If the extension passes, there’s reason to be hopeful. Both the Senate and House versions of the defense authorization bill would extend the visa programs for both countries, add visas available to interpreters who worked in Afghanistan, and institute structural reforms meant to increase transparency and oversight within the programs.

However, advocates worry that even if the program is reinstated at a later date, parts of the process would have to be redone completely, and U.S. government offices would have to duplicate countless man hours to the process.

“It’s potentially a real nightmare,” Katherine Reisner of the Iraqi Refugee Assistance Project, a group that has helped both Iraqi and Afghan citizens navigate the visa process, told MSNBC. Reisner’s group estimates that between two and three thousand Iraqis are in the midst of the application process right now. “There’s no way to get through that backlog” by the end of the month, she said.

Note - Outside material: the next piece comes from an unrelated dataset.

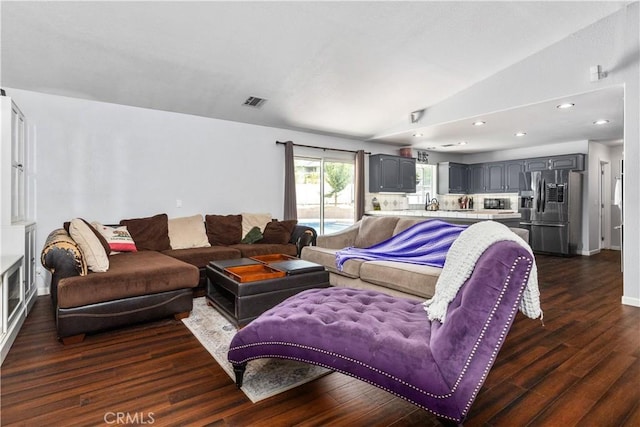 living room featuring dark wood-type flooring and lofted ceiling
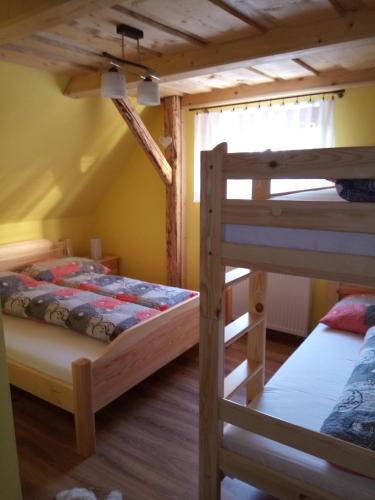 a bedroom with two bunk beds and a window at Drevenica MAK Oliver in Kvačany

A State Department official said that it does not provide numbers on applications received for any visa categories.

Many U.S. soldiers and veterans have become involved with the process through their own translators. It has also led some of them, like 31-year-old Zeller, to take up the cause of extending the program. Zeller started an online petition and contacted members of Congress to secure a visa for Janis Shinwari, one of his translators in Afghanistan. Shinwari was granted his visa this week after two years of waiting and numerous threats against him by the Taliban.

Shinwari knows he is lucky. Another Afghan translator, Raz Mohammad Pirzoy, wrote in an email that he has been waiting more than 14 months for his visa to be approved, and that if his wait extends beyond when the base his is living on closes, he will almost certainly be killed. In addition to a failed attempt by armed men to kidnap his son, Pirzoy’s cousin, another interpreter, eventually received his visa, but it came after his wife and two young daughters were murdered.

The interpreters who are waiting now would welcome anything that would make things move faster. “I know some of my friends are waiting for more than three years to get their visa,” Janis Shinwari told MSNBC in an email. “Three years is a long time to live in the fear. Most of interpreters live in the interpreters village they cannot meet their families they spend most of their life in military bases interpreters village if they leave the base then they will get killed by Taliban.”

While Zeller is happy to know that Janis will soon be in the U.S., the possibility that the United States could end up breaking a promise to men and women who risked their lives in the service of another country could endanger future military efforts.

“This is absolutely an issue of credibility. It’s a moral issue,” Zeller said. “We made a promise to these men and women.”